Urban Metabolism and Minority Pulse: An Urban Metabolism Education and Awareness Campaign Targeting Minority Groups 2017

Published on Jun 25, 2017

 

Urban Metabolism and Minority Pulse: An Urban Metabolism

Research, Education & Awareness Campaign Targeting Minority Groups 2017

Operationalizing urban metabolism in cities while promoting inclusion

“ ...because no one should be left behind”


 


The Metabolism of Cities (MOC) is an open source platform established in 2014 designed to provide professionals and non professionals with urban metabolism data, publications, tools and visualizations on resource consumption in cities. Its goal is to provide engaged cities and citizens with the necessary tools and technology to affect the resiliency and sustainability of their cities and settlements in a positive way. The MOC is run by a group of enthusiastic volunteers from Italy, Cape Town, South Africa, Belgium, Norway and Switzerland. As a part of the Third Edition of the Metabolism of Cities, Stakeholder Initiative our team is collaborating with the Politecnico di Milano (POLIMI) in Milan, Italy. Towards a global initiative to develop inclusion targeting minority groups and engaging the youth. The campaign is titled the Urban Metabolism and Minority Pulse: An education and awareness campaign targeting minority groups with an emphasis on the awareness of resource consumption and education for sustainable development in cities targeting minority groups as an initiative to tackle and localized the United Nations Sustainable Development Goals by 2030 to incorporate climate change and urban metabolism education, awareness and research among minority members of society targeting: disabled, children, elderly, students, refugees, LGTBI and women.
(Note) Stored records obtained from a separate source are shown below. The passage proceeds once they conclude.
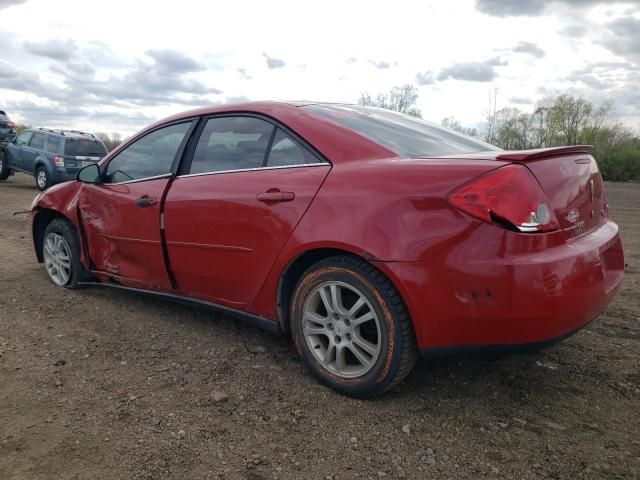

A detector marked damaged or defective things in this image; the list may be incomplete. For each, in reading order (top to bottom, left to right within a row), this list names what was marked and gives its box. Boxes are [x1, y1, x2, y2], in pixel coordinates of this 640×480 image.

damaged red sedan [31, 102, 624, 398]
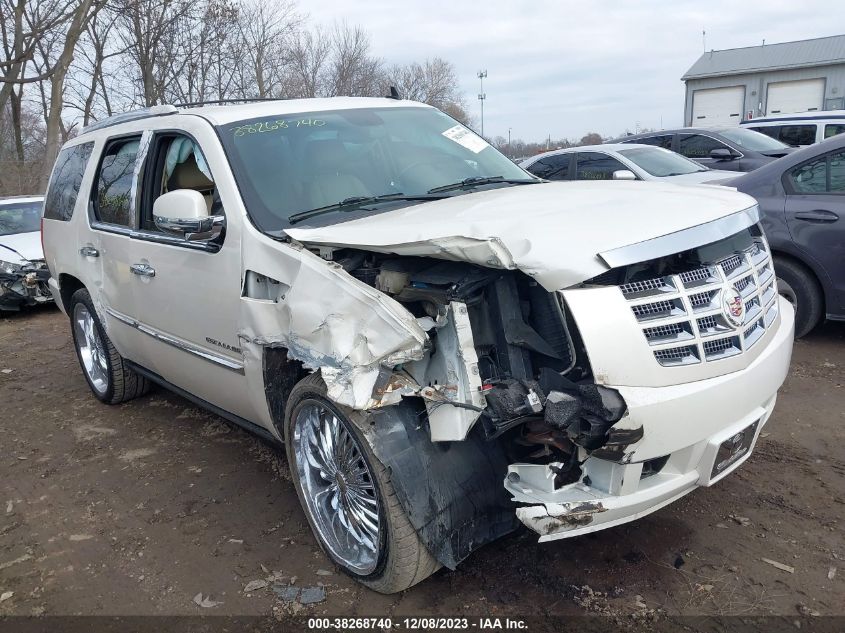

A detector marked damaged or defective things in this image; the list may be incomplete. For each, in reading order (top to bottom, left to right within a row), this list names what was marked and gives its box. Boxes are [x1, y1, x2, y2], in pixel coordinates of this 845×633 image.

crumpled hood [0, 230, 43, 264]
damaged front bumper [0, 262, 52, 312]
crumpled hood [286, 179, 760, 290]
damaged front bumper [508, 296, 792, 540]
We strongly believe that this campaign will benefit not just minority groups themselves but ultimately society as a whole promoting inclusion of minorities in sustainable developments (UN, 2015).

 

There is a need to characterize, forecast and transform the current linear paradigm of urban economies turning natural resources to waste. In fact, due to high levels of urban resource consumption, cities are vulnerable due to their dependency on a global hinterland for natural resources and pollution assimilation. The evaluation of the metabolic balance of cities is an important aspect to identify the nexus between environmental degradation on the one hand, and socio-economic behaviors of citizens and urban form on the other. As cities continue to grow both in territorial and economic aspects, their vulnerabilities also increase while their resilience decreases leaving minority groups unaware of these environmental changes. The concept of urban metabolism (UM) is the study of flows entering and exiting urban areas. The urban metabolism approach can help to address these major challenges in cities targeting different minority groups and better understanding these complex interconnections between an urban area, its economy, quality of life, its resource requirements and pollution impact.
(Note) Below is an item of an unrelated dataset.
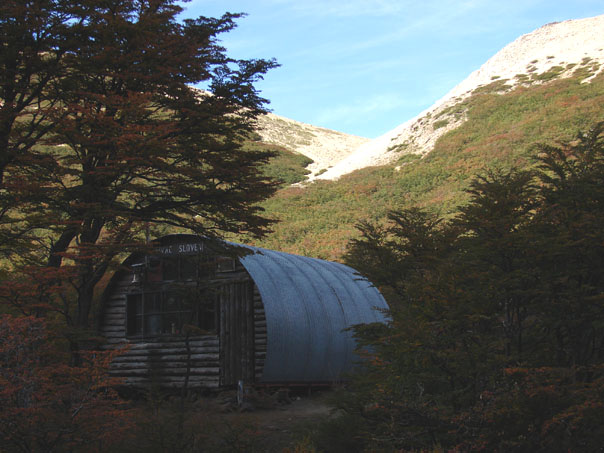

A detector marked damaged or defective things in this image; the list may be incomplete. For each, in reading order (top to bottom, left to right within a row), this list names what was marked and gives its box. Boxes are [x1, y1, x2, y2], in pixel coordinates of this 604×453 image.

rusty metal panel [238, 245, 390, 384]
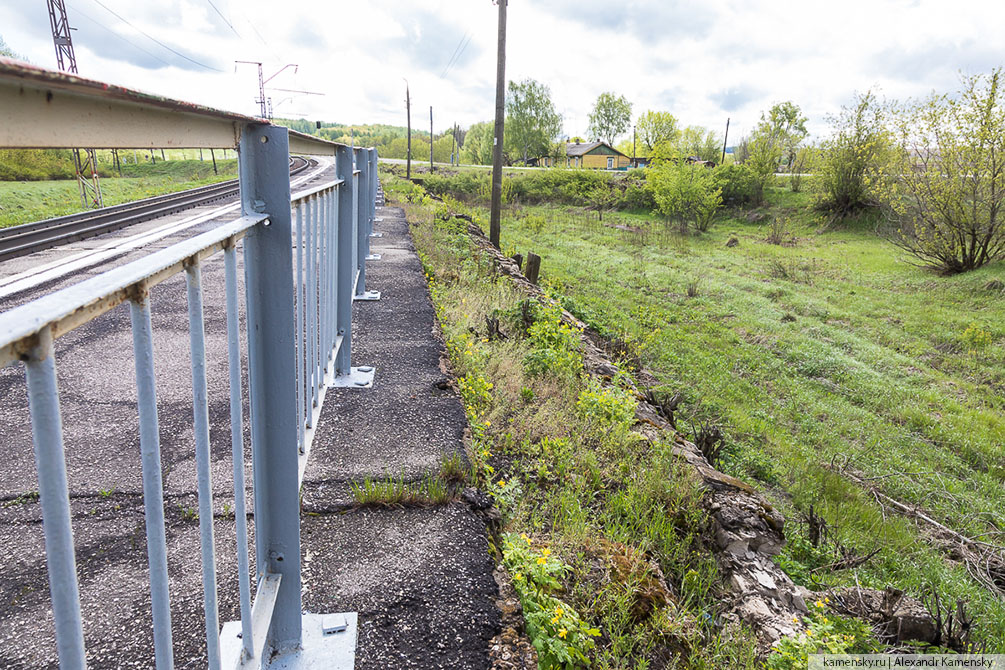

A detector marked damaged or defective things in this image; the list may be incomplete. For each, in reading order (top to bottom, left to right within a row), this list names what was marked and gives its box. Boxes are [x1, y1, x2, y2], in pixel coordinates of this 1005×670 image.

Urban Metabolism Research, Education & Awareness Campaign Targeting Minority Groups

In the past, most national boundaries reflected linguistic, religion and ethnic homogeneity. Until the late 20th century, diversity was considered a liability, not a strength. Today, more than ever society is considered a melting pot with a diverse set of individuals characterized by their ethnic, racial uniformity, set of values, language, residence and culture. The Sustainable Development Goals (SDGs) can potentially be utilized as a common language among minority groups to identify the 17 social, environmental and economical factors (169 targets) that cover a broad range of sustainable development issues. Our goal is to educate the diversity of underprivileged minority groups on climate change towards a common language that can be easily interpretative and replicated across borders. A language that comes in all types of shapes and sizes to educate the diversity of minority groups on climate change using SDGs as a common platform tool that everyone can understand regardless of their background and gender. Unfortunately, the less privilege groups are the most effected minority groups. In our research we aim to develop awareness, education and research concerning disabled, children, elderly, students, professionals, refugees (homeless), LGTBI and women.

 

The urban metabolism educational campaign platform features a replicability toolkit and methodology structured to facilitate awareness on resource management, community engagement, city planning and environmental design targeting the unheard minority voices of society to provide knowledge exchange between municipal governments, educational institutions, and community based organizations. Our goal is to create a cross city analysis to identify best practices globally that can empower all citizens from different language paths worldwide to create sustainable changes in their urban environment.

 

The proposed initiative will interview multiple target groups according to their age, gender, city, and country of province, from academia, public and private professionals, children and citizens in the City of Milan, Italy. The project aim to map and assess the participants’ knowledge of urban metabolism and material flow concerns in cities, sustainable initiatives currently taking place in their hometown, and methods and solutions to manage urban resource inefficiencies.

 

Expected research outcomes of the analysis will be delivered as an urban metabolism educational and awareness video format targeting different groups and will be presented in a seminar that will be held on July 2017 at Politecnico di Milano, Milan, Italy.

 

Target groups

  1. Disabled campaign (visually impaired, blind)
  2. Children and education campaign
  3. Elderly campaign
  4. Students and Professionals campaign
  5. Women campaign (domestic violence, migrants, non access to education)
  6. Refugee campaign (homeless)
  7. LGBTI campaign


  • According to the World Bank 15% of the world’s population, (one billion) experience some form of disability (vision impairment, deaf or hard hearing, mental health conditions, intellectual disability, acquired brain injury, autism spectrum disorder and physical disability).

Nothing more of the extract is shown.